Spreadsheet showing page level analysis

Step 7

Finally, add any extra page-level data you have to help decide where to allocate your limited manpower and time. Typically I include:

  • Word count per page (e.g. from VisibleThread)
  • Readability score per page (e.g. from VisibleThread)
  • Average time on page (from GA)

Putting it altogether, my approach is to prioritise pages within the top 80% cohort that have a:

  • Low word count: I prioritise short pages as they are generally easier to improve quickly
  • Poor readability score: I prioritise pages with a low score as they have lots of easy to fix issues
  • High average viewing time: This metric is imperfect, but I keep an eye out for high average times

Focusing your team's effort on these pages will generate the maximum benefit for users at the least "investment of effort" for your team.

Spreadsheet showing advanced page level analysis

And that's it

You should now be able to see how a team with very limited resources (i.e. most teams!) can make real improvements by prioritising manpower and time in clever ways.

So take heart.

You can make a difference!

This article is Part 2 of my series on prioritising activity on under-funded web teams.

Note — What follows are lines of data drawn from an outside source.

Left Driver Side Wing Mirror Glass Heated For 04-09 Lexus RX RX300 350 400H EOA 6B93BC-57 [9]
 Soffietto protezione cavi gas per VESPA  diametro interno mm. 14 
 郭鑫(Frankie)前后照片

Read Part 1 to discover why Content Topics are the best way to focus your team's energy and time.


Footnotes

1 This heuristic is a "rule-of-thumb" only. It assumes a certain quality of content design that may not be in place. Your professional experience and insight should override it as needed.
2 And documents and videos and sub-sections and panels and many, many other discrete content elements.